Thousands of Facebook accounts were hacked.


Mikael Thalen


A fraudulent Chrome browser extension masquerading as OpenAI’s ChatGPT tool was used by hackers this month to hijack Facebook accounts.

The extension, which was designed to look nearly identical to OpenAI’s legitimate ChatGPT browser add-on, was downloaded more than 9,000 times before eventually being taken down by Google.

The malicious extension operated the same as the real extension, which offered ChatGPT responses alongside search engine results, but also included extra lines of code that attempted to steal session cookies used by Facebook.

Once downloaded, the hackers are able to log in and take total control of a victim’s Facebook account using the stolen cookies.

Uploaded to the Chrome store on February 14, the add-on, as first reported by cybersecurity firm Guardio Labs, began appearing in Google search advertisements exactly one month later.

One victim of the attack, according to Guardio Labs’ report, even had their Facebook business account used to promote ISIS propaganda.

“The misuse of ChatGPT’s brand and popularity just keeps on rising, used not only for Facebook account harvesting and not only with malicious fake Extensions for Chrome,” wrote Nati Tal, head of Guardio Labs.

“Major services offered by Facebook, Google, and other big names are under continuous attack and abuse, while at the end of it all—the ones being mostly hit here are us, the users.”

In a statement to Bleeping Computer on Wednesday, Google confirmed that it removed the extension after being alerted to its presence on the Chrome Web Store.

“We don’t allow ads on our platform that use malicious techniques such as phishing,” a Google representative said. “We’ve reviewed the ads in question and taken appropriate action.
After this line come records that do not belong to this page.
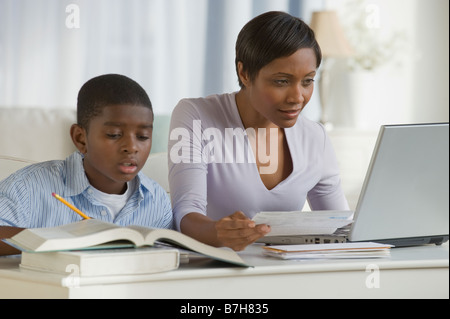 Afrikanischen jungen machen Hausaufgaben nächsten Mutter auf computer Stockfoto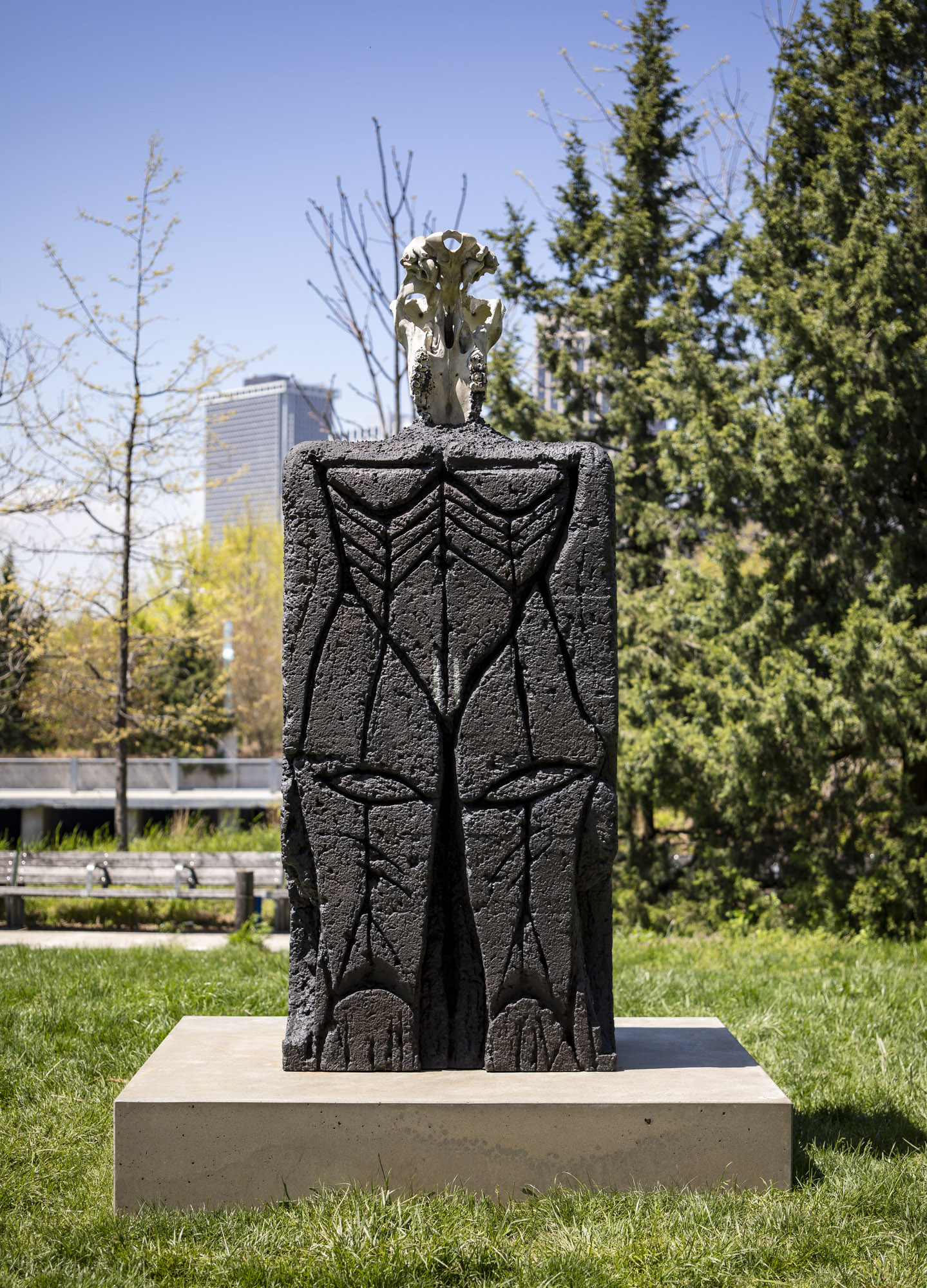 A close-up shot of a patinated bronze sculpture with a square concrete base installed along a grassy terrace. On top of the sculpture sits a recreated off-white...
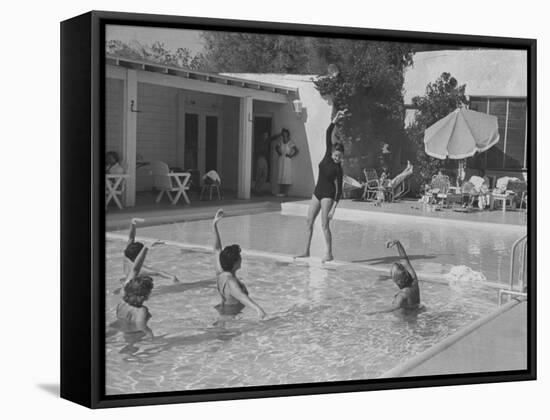 Women in Tank Suits Pool Excercising at Elizabeth Arden's Reducing Resort in Arizona-null-Framed Stretched Canvas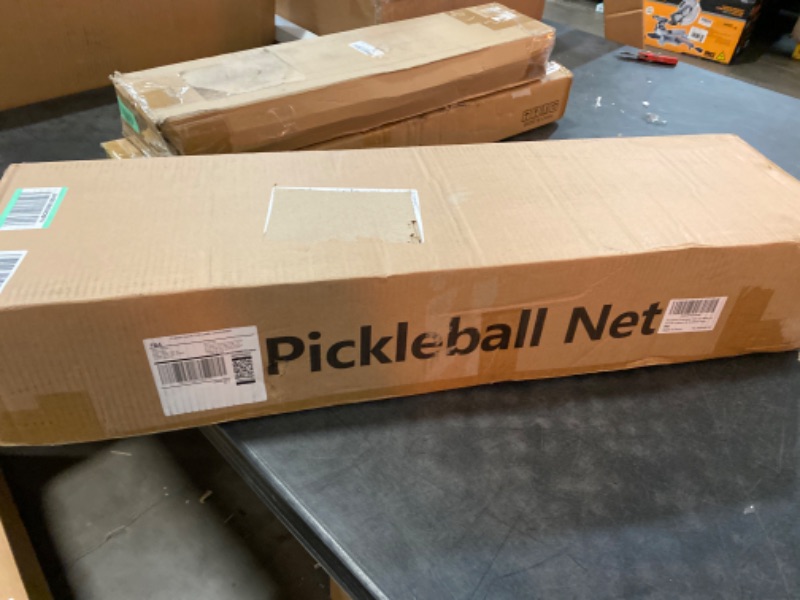 Photo 1 of Portable Pickleball Net on Wheels, 22FT Standard Pickleball Net for Driveway Backyard, Strong PE Net, Metal Frame, 4 Balls, 1 Carry Bag, Pickleball Net System for Indoor & Outdoor Play
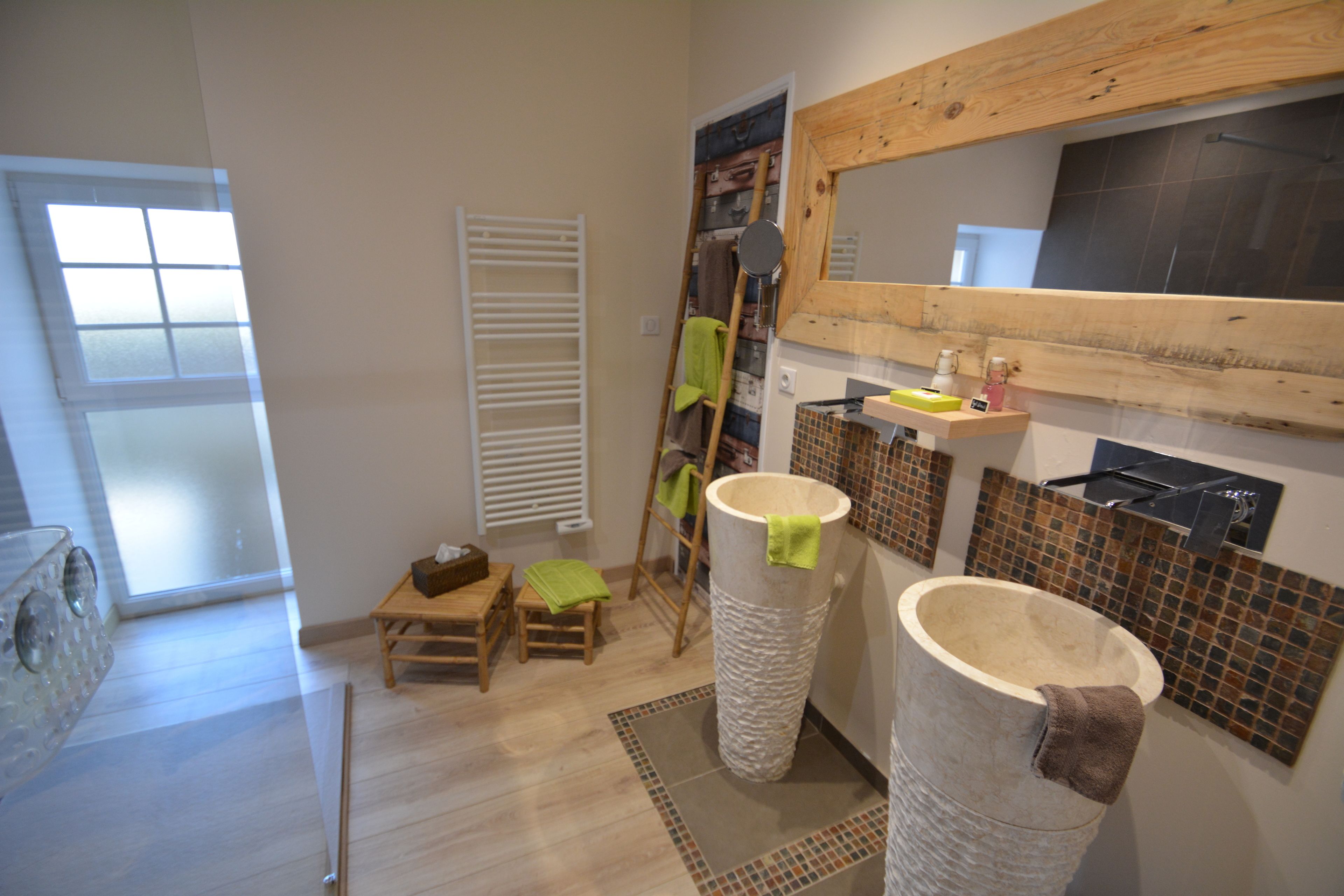 A bathroom with a large stone basin, a wooden ladder, a small wooden stool, and a tiled backsplash.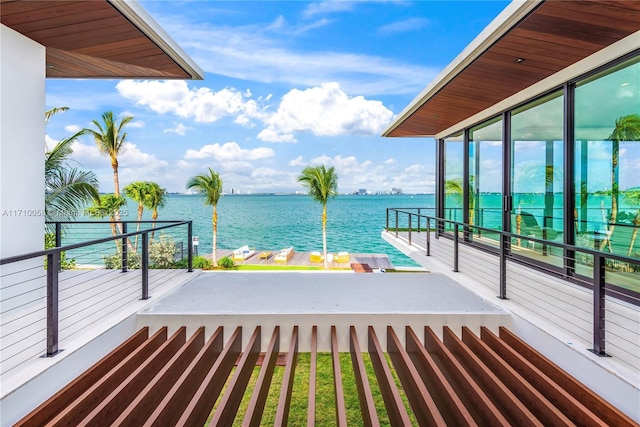 balcony featuring a water view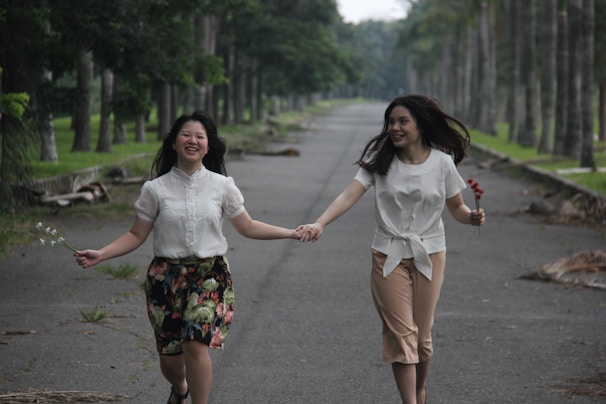 Two people are joyfully holding hands while walking down a tree-lined pathway. They appear to be enjoying themselves, each holding a small bunch of flowers. The atmosphere is light and carefree, enhanced by the greenery on either side of the path.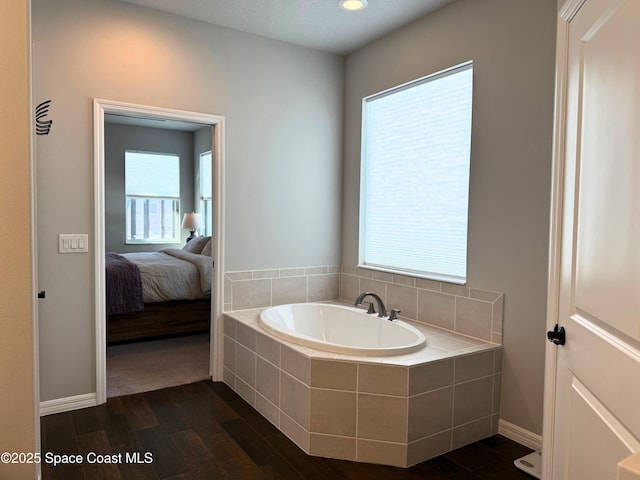 bathroom featuring hardwood / wood-style floors and tiled tub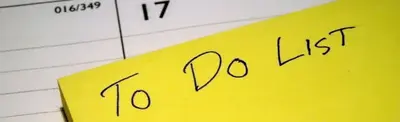 A yellow sticky note handwritten with "To Do List" resting on an open lined calendar page dated 17.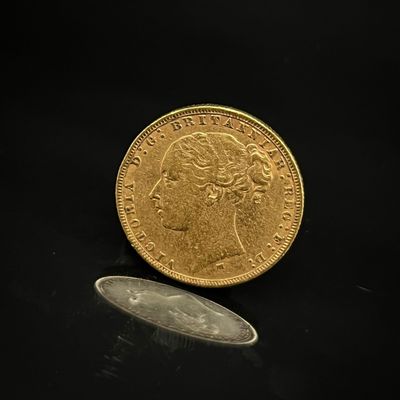 l'image d'une pièce d'or à côté d'une pièce, sur un fond noir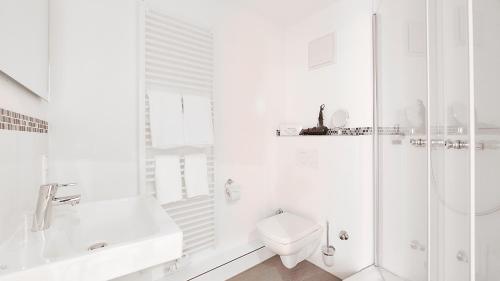a white bathroom with a toilet and a shower at Anno 1433 Hotel Lüneburg in Lüneburg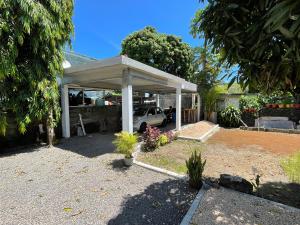 a white pavilion with a car parked under it at Kowlessur Residence in Surinam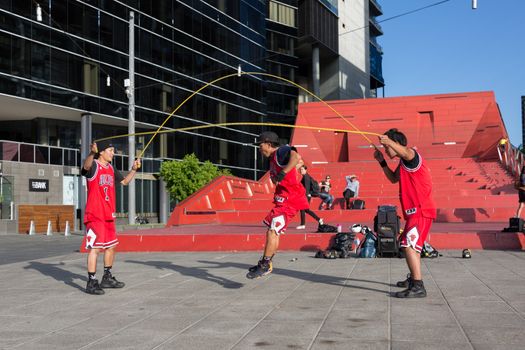 MELBOURNE/AUSTRALIA - JANUARY 22: Street performers entertaining crowds in Southbank during the 2016 Australian Open tennis tournament.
The extension is no longer available from the Chrome Web Store.”

The unknown threat actors behind the malicious add-on carried out a similar attack in the past.

Guardio Labs found that the extension was communicating with the same infrastructure as another fake ChatGPT add-on that was downloaded more than 4,000 times before being removed earlier this month.

“This time, threat actors didn’t have to work hard on the look and feel of this malicious ChatGPT-themed extension—they just forked and edited a well-known open-source project that does exactly that,” Guardio Labs reported. “From zero to ‘hero’ in probably less than 2 minutes.”